La intransigencia de Yrigoyen tendrá una consecuencia política decisiva: aunque formalmente disuelto el Comité Provincial no deja de existir en la actividad conspirativa de sus seguidores. El gobernador Bernardo de Irigoyen ve naufragar su gobierno y en el fin de su mandato, en 1902, carece de respaldos. Don Hipólito se ha convertido en el sinónimo del radicalismo.
Por ese tiempo se gana sus muchos apodos: “el Hombre”, “el General”, “el León”, y el más conocido de ellos: “el Peludo”, por su obstinado silencio y por “vivir encovachado”, al decir de sus enemigos. El Peludo se reúne con dirigentes radicales en todo el país, provincia por provincia y pueblo por pueblo reorganizando las fuerzas de la UCR para su reaparición.
Con Yrigoyen a la cabeza el 26 de julio de 1904, en el aniversario de la Revolución del Parque, radicales de todo el país realizan un imponente desfile cívico en la Capital, hasta el cementerio de la Recoleta. El Comité Nacional aprueba entonces un manifiesto que, tras afirmar que “el radicalismo, sin autoridades ni disciplina de partido, ha subsistido como tendencia y se ha acentuado vigorosamente como anhelo colectivo”, condena tajantemente al régimen en lo político, económico y administrativo. Proclama su decisión de mantenerse fuera de las elecciones hasta que esté garantizada su transparencia y termina refirmando el “inquebrantable propósito de perseverar en la lucha hasta modificar radicalmente esta situación anormal y de fuerza, por los medios que su patriotismo le inspire”. Era un llamado a la revolución, que no demorará en cristalizarse.
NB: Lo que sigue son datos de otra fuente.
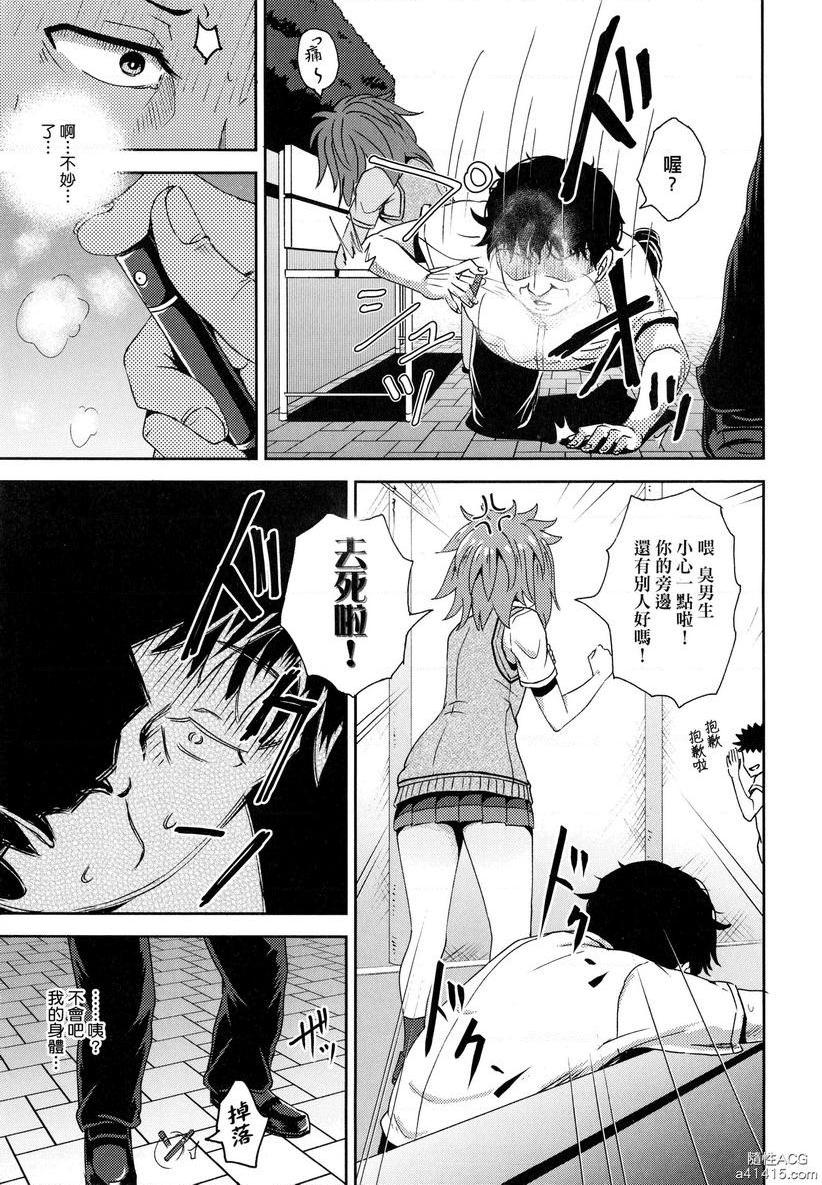 [日本漫画] 强制催眠喷雾 单本,NTR,露出,女教师,黑丝丝袜,萝莉,女学生,肛门#[32P]-31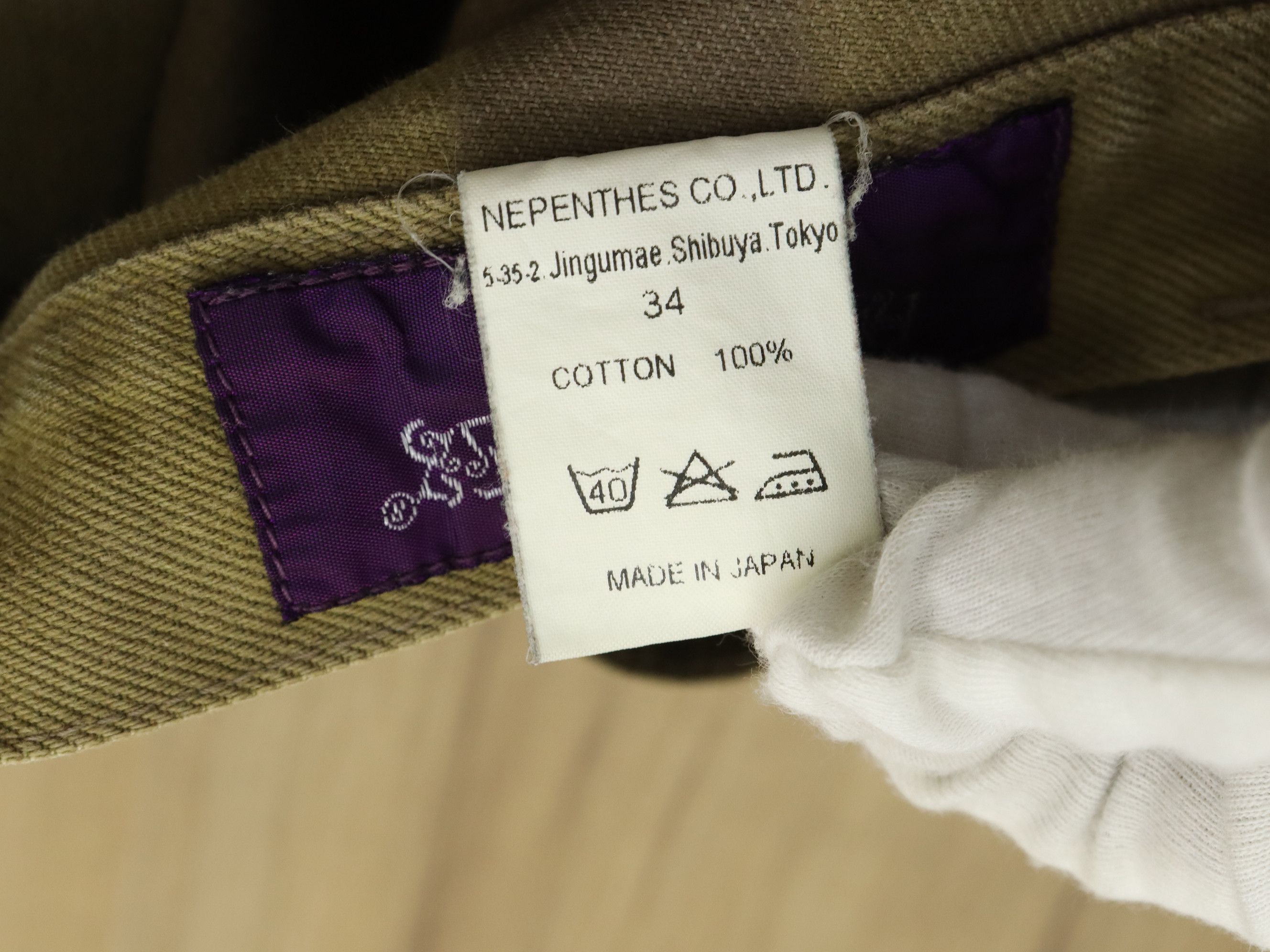 Needles × Nepenthes NEPENTHES Gradient SunFaded Style Mid Rise Pant Size US 31 - 21 Thumbnail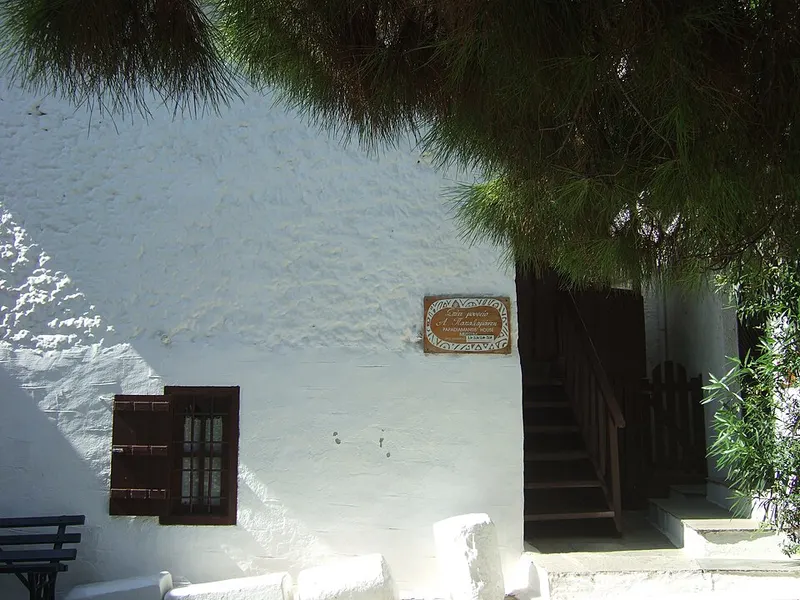 Papadiamantis House Museum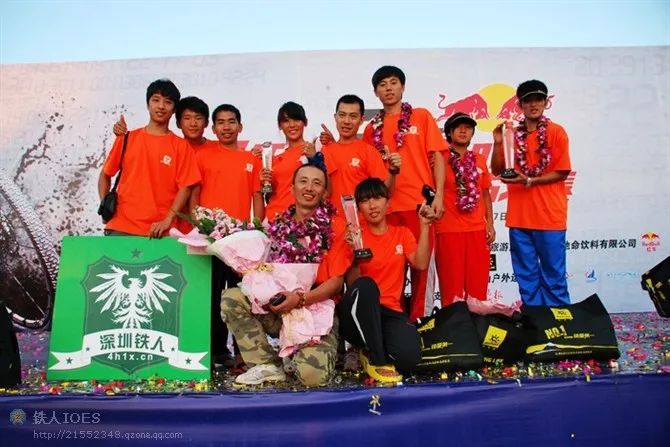 首届西涌SWIM RUN个人挑战赛运动员手册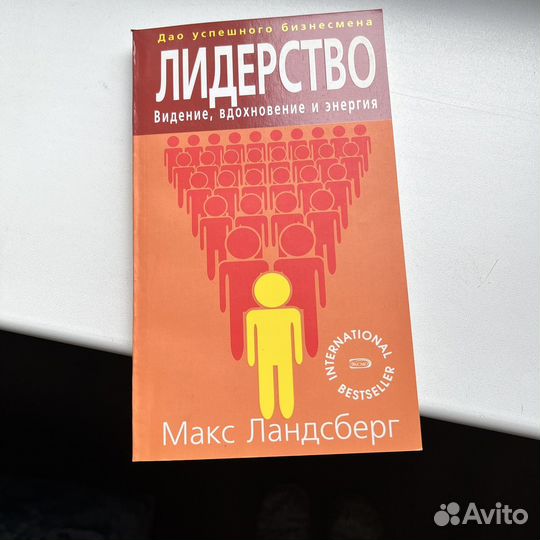 Лидерство Ландсберг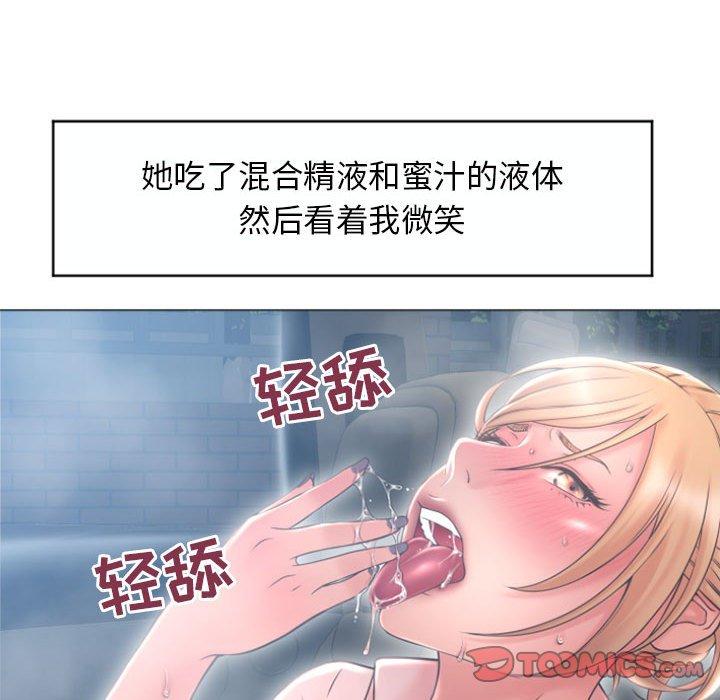 《隔壁的她》在线观看 第17话 漫画图片93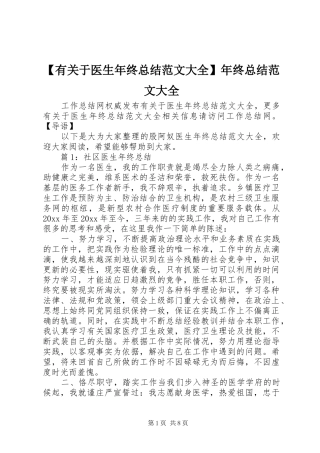 【有关于医生年终总结范文大全】年终总结范文大全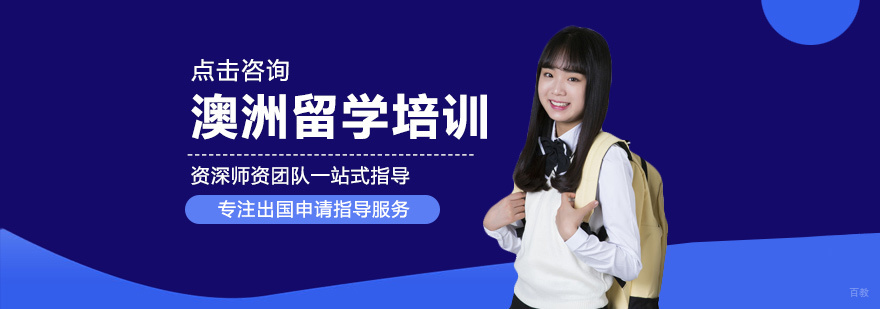 澳洲留学培训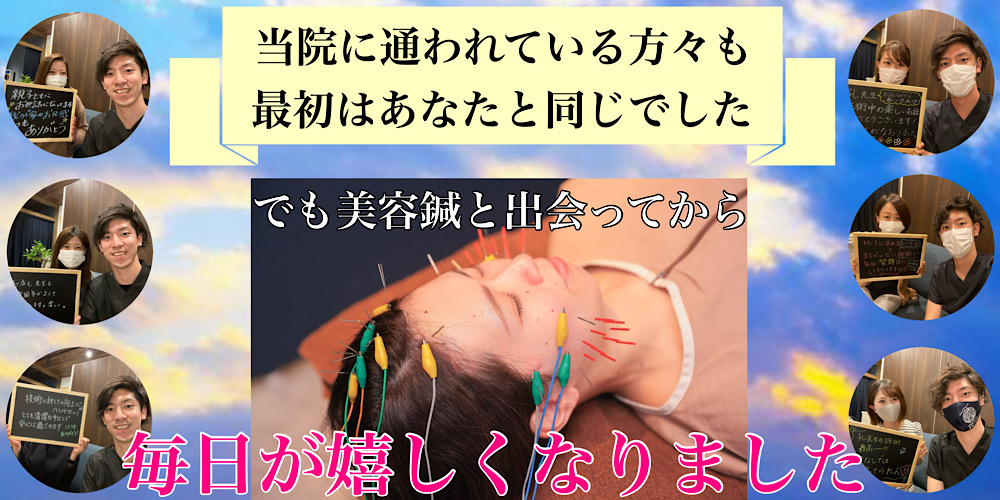 京都で電気を流す美容鍼なら鍼灸サロン孔-KOH-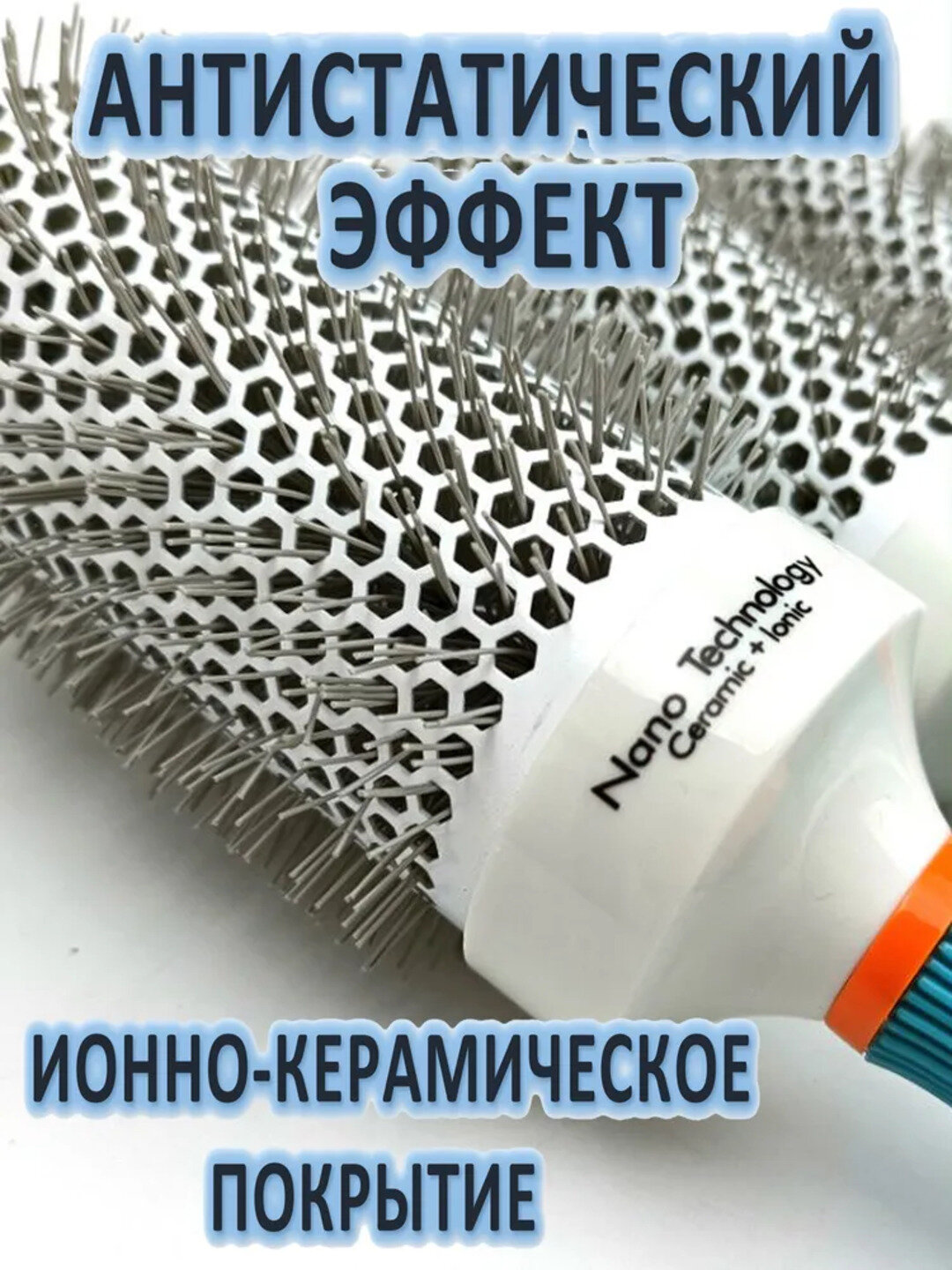 Круглая расческа-брашинг для укладки волос, придающая объем и гладкость.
Dos años se estuvo preparando el movimiento y distintas consideraciones fueron postergando la fecha. Finalmente, en la noche del 3 al 4 de febrero de 1905 y encabezada por una Junta Revolucionaria, comenzó la sublevación: el movimiento cívico-militar estalla en la Capital, Bahía Blanca, Rosario, Córdoba y Mendoza.
Durante una semana se combate en las calles. En Mendoza toda la guarnición adhiere al alzamiento y en Córdoba los revolucionarios se adueñan del gobierno. Pero en el resto del país son derrotados por el ejército y deben rendirse. Los jefes radicales van cayendo presos, son embarcados en transportes de la Armada, y muchos militares serán llevados al penal de Ushuaia. Yrigoyen se mantuvo en la clandestinidad durante varios meses cuando se le atribuyen distintos paraderos, dentro y fuera del país. El 19 de mayo se entrega a las autoridades, declarándose único responsable de la fracasada revolución.
Pese a la derrota y al calificativo de “locos de verano” que les endilgó la revista Caras y Caretas, el radicalismo y su líder salieron fortalecidos ante la opinión pública. Para algunos dirigentes conservadores como Roque Sáenz Peña y Carlos Pellegrini, el alcance del levantamiento ratificaba la necesidad de modificar las reglas de juego. Dada la justeza del reclamo de democracia, desde el mismo fin de los combates fue creciendo el pedido de amnistía. El presidente Quintana se negó a otorgarla, pero su muerte en marzo de 1906 fue casi inmediatamente seguida por la aprobación de un proyecto de ley de su sucesor José Figueroa Alcorta. El camino hacia la “Ley Sáenz Peña” y el voto secreto y obligatorio quedaba entonces, sembrado, aunque tardaría todavía casi una década en concretarse.